The very syllables have a forlorn sound. The lack of a strong consonant, the lengthy vowels, there seems to be a moan in the words. As though you have been abandoned by the world. That makes for loneliness. And yet, you can abandon the world, that would change the same state into solitude. Being physically alone does not make for solitude. You need to be mentally alone too. We hear that the present generation of youngsters spend too much time alone, are introverted and not social at all. Nothing of the sort. They are the most social of beings. They are the ones who are in constant communication with their world and the outer world, posting messages, photographs, comments, seeking approval, seeking confrontations, seeking society. They may be sitting alone in a room but they are definitely not solitary.

Solitude is something that is cultivated, something worked at, something achieved. It is the act and the art of being alone. It is finding inner resources which make it a pleasure to be alone, perhaps to think, perhaps to meditate. Guru Nanak was certain that, ‘He who meditates in solitude attains supreme bliss’. And while most religions do believe in congregations for the faithful, they all feel that the attainment of proper devotion requires solitude and meditation. Revelations and enlightenment come only in solitude, and not in the midst of crowds.

Artists too seek solitude to practise their art. Writers, painters, musicians, they can commune with their muses only when they are alone with their work. Though there have been writers who claimed that their concentration was so good they could write in the noise and crowd of a city cross road (Louis L’Amour, writer of Wild West novels comes to mind), that is not the norm.

And yet, solitude, solitary, are words that seem to carry a negative connotation. You are sentenced to solitary confinement. You are punished by being forced to stay in a room alone. Tennessee Williams said that ‘We’re all of us sentenced to solitary confinement inside our own skins, for life!’ making it a fear and a punishment. As though to be solitary is to be lonely.

Loneliness, of course, is the other side of it. You speak of drowning in a ‘well of loneliness’ with its image of a dark depth in which you are suspended alone. And one associates loneliness to being alone, being apart. That is not necessarily true. You are just as likely to be lonely in company.

To be lonely one does not need to be alone. You can be lonely in a crowd, in fact, you are more likely to be lonely in a crowd rather than when you are alone. The loneliness comes from being with people you don’t feel comfortable with, from feeling left out of the general behaviour of the crowd, feeling left out of the conversation, the ‘in’ jokes you do not understand, the ‘do you remember’ you do not share.

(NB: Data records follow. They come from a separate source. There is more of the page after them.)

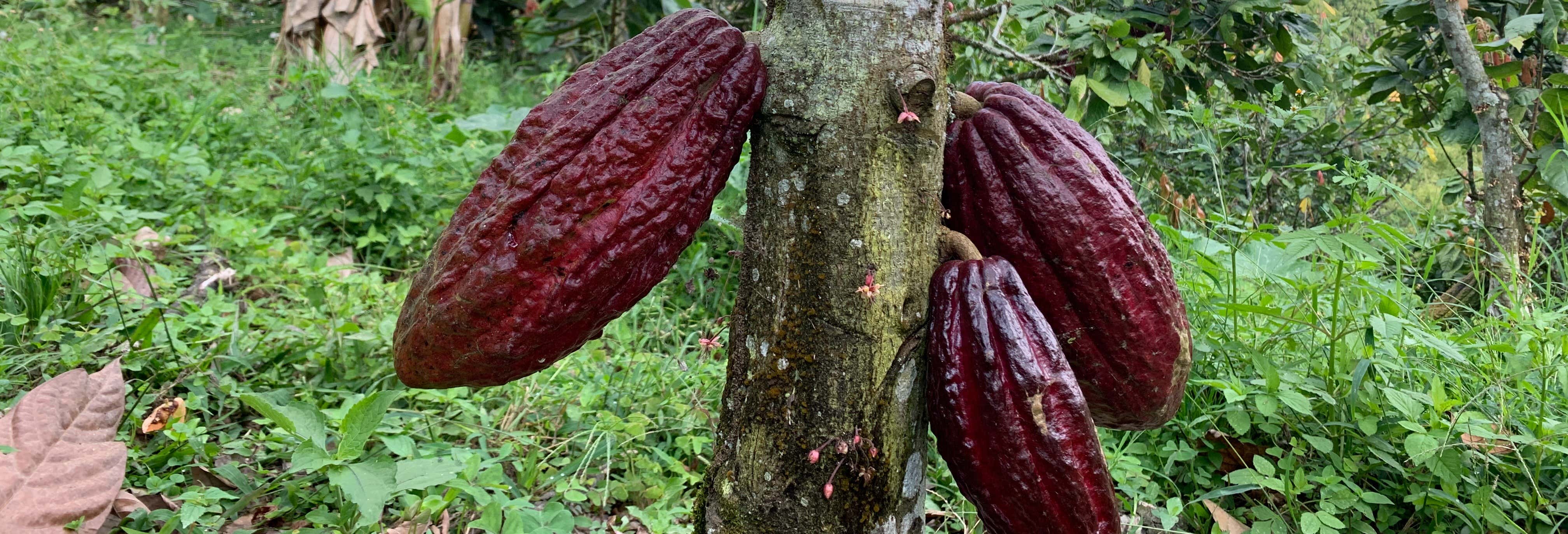 Tour del cacao nella tenuta El Turpial Feliz
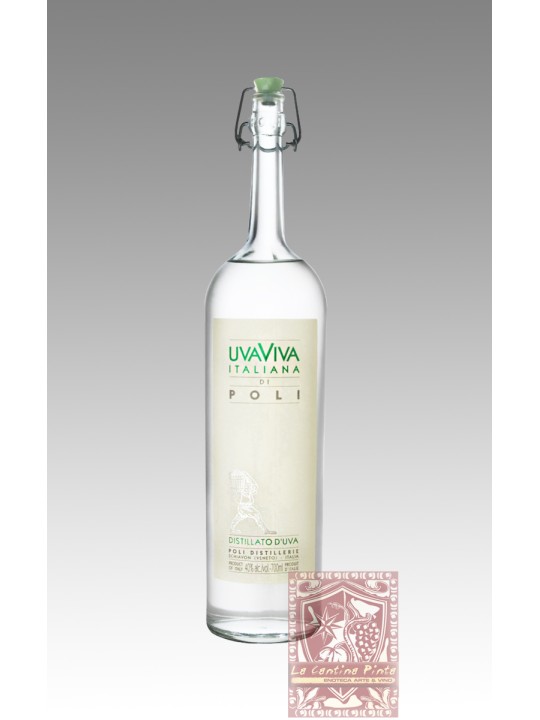 UVAVIVA ITALIANA DI POLI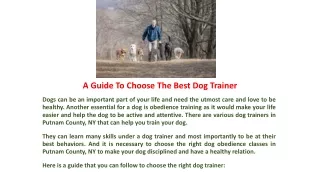 A Guide To Choose The Best Dog Trainer
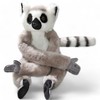 Carl Dick Katta, Lemur with Velcro on hand and foot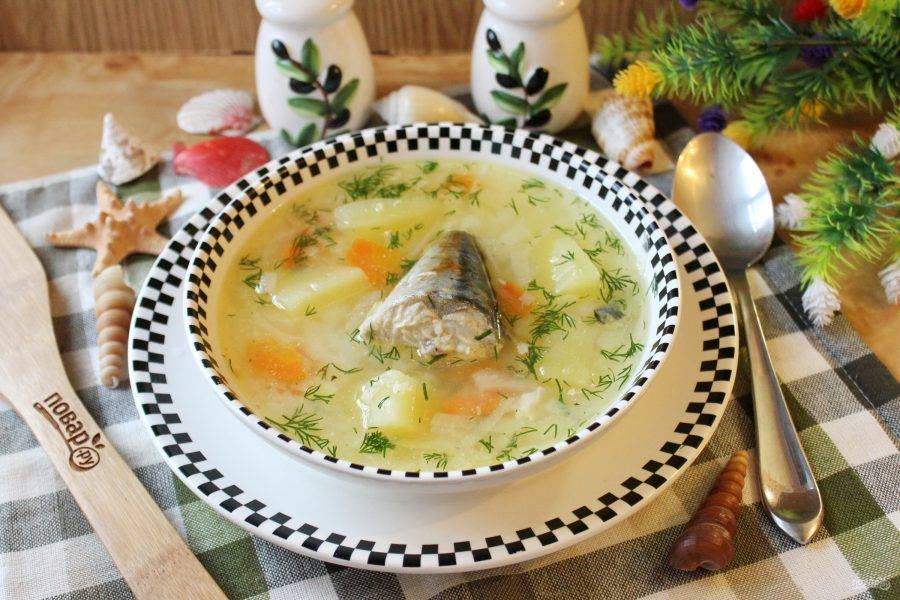 Суп из скумбрии — 8 рецептов, как сварить вкусный рыбный суп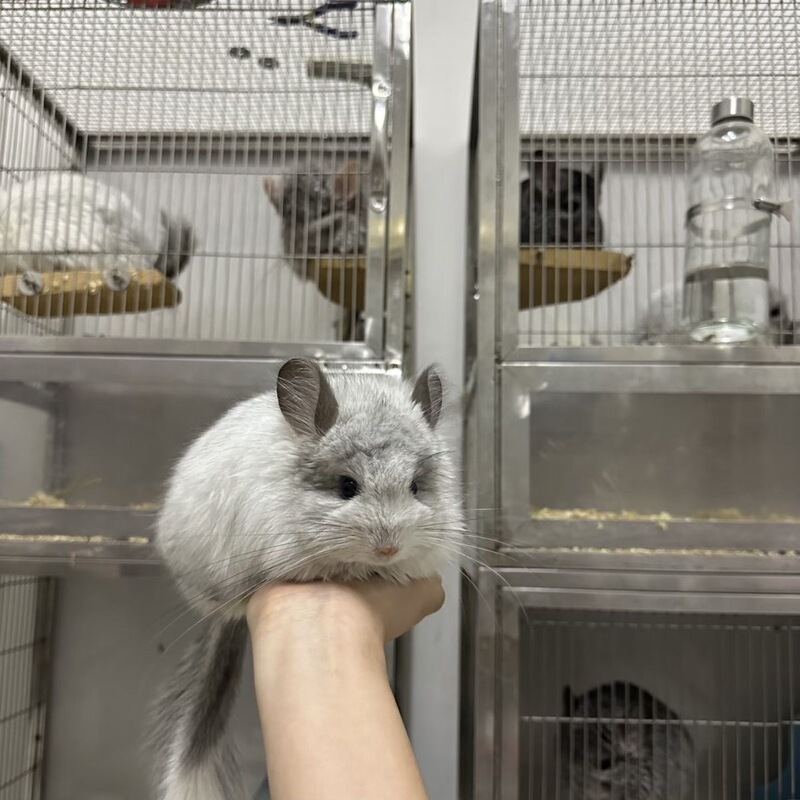 Little Dragon Pet, Lively and Docile, Standard Gray, Domesticated, Cute, Live Animal, Baby Chinchilla, Young Animal, Long-Haired, Friendly, Pink and White, Little Brother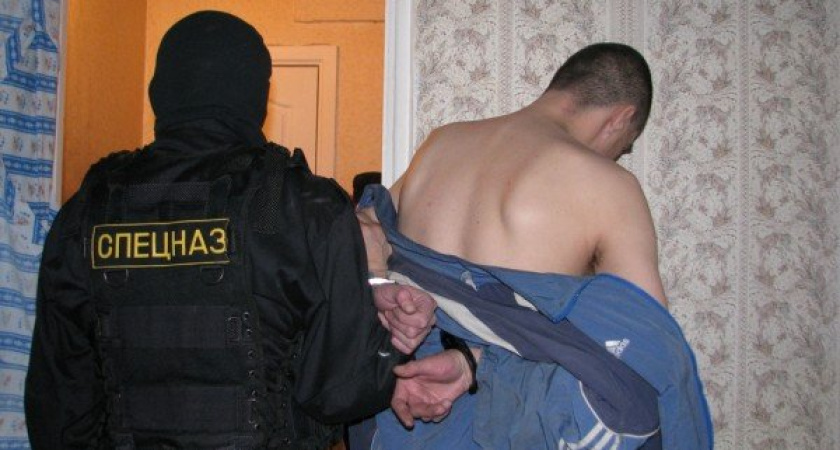 В Воронеже в канун выборов опять выловили сутенеров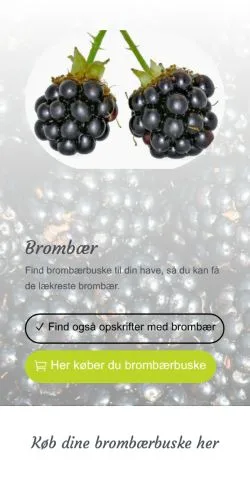 Anteprima del sito brombær, media di Danimarca per articoli sponsorizzati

It is a state of mind rather than a result of circumstances.

There are people who need other human beings around them to feel alive, who need interaction with others to stave off loneliness. Haven’t you seen them, the people who come alive only in company, preferably that of a large number of people? It is as though it is only in the company of others that they feel they are alive. I have sometimes felt that these must be the most lonely of human beings, these people who need a reaffirmation of their lives every moment.

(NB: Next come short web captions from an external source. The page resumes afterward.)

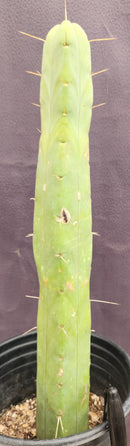 #EC89 EXACT Trichocereus Bridgesii Four Wind Cactus 15"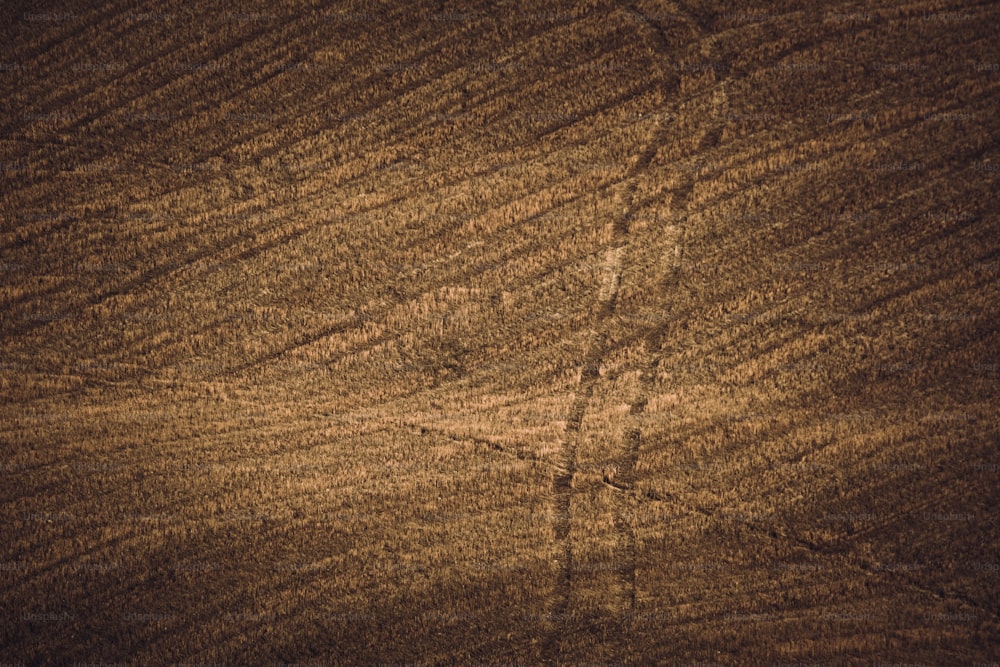 a close up of a brown surface with lines drawn on it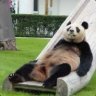 Handicaped Panda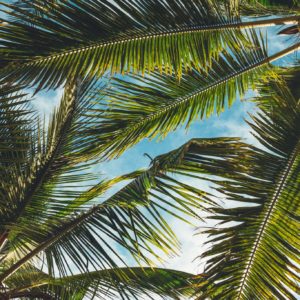 peter-fogden-toB7tKXne7U-unsplash peter-fogden-toB7tKXne7U-unsplash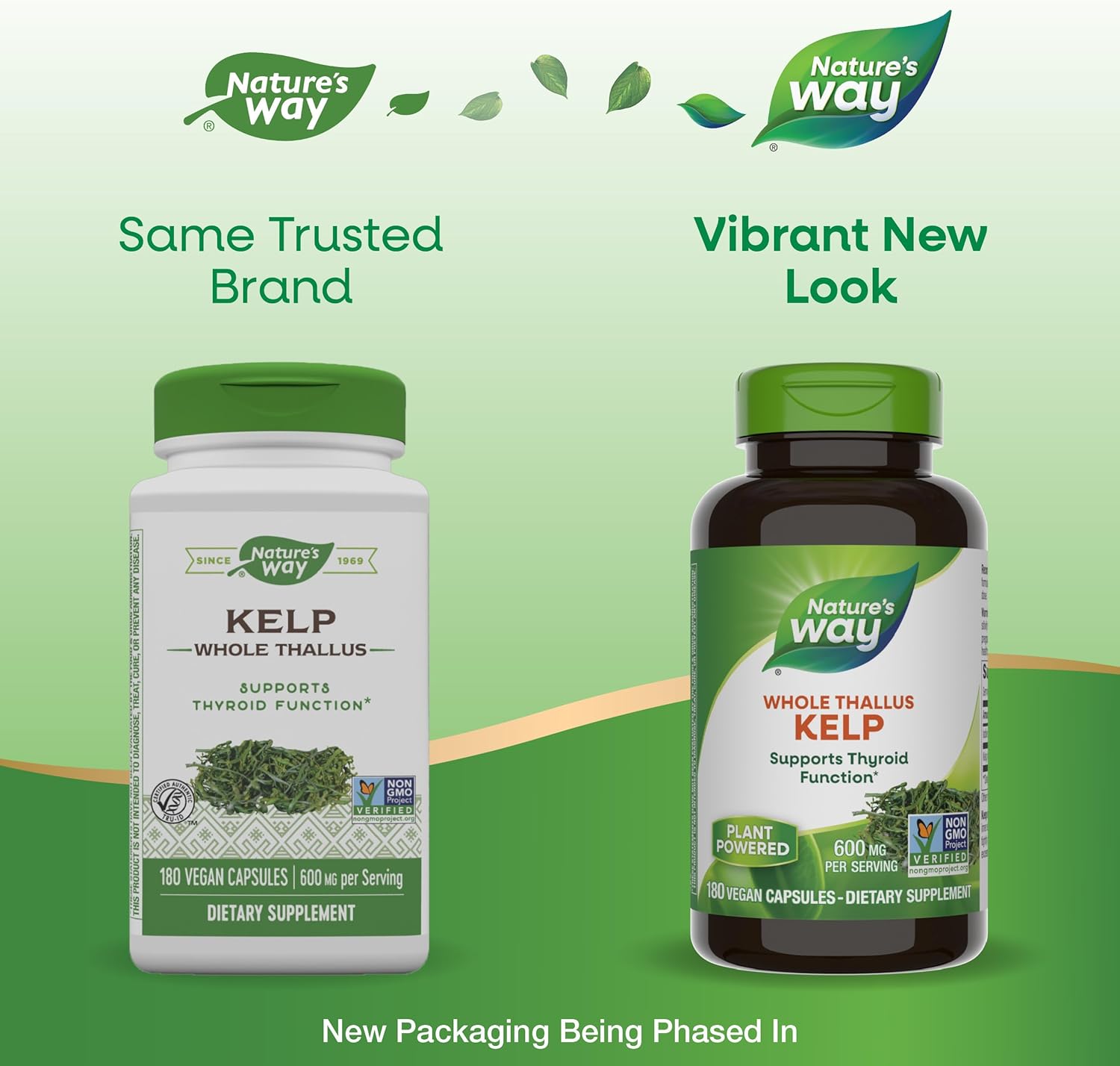 Nature's Way Kelp, Supports Thyroid Function*, 600 mg per Serving, Non-GMO Project Verified, 180 Capsules (Packaging May Vary) - Nirvana Guru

There is also the loneliness of losing someone who matters, whose departure leaves you with a gap in the world and your life that can never be filled. It was Edna St Vincent Millay who said, ‘Where you used to be, there is a hole in the world which I find myself walking around in daytime and falling in at night.’ That kind of loneliness has no end to it. One endures it for ever.

But solitude, in its real sense, a state of being alone whether physically or mentally, can be a benison, a way of recharging your self that has been gnawed at and worn out by the demands of life, by the incessant clamour of the society, by the clutter and mess of the world around you.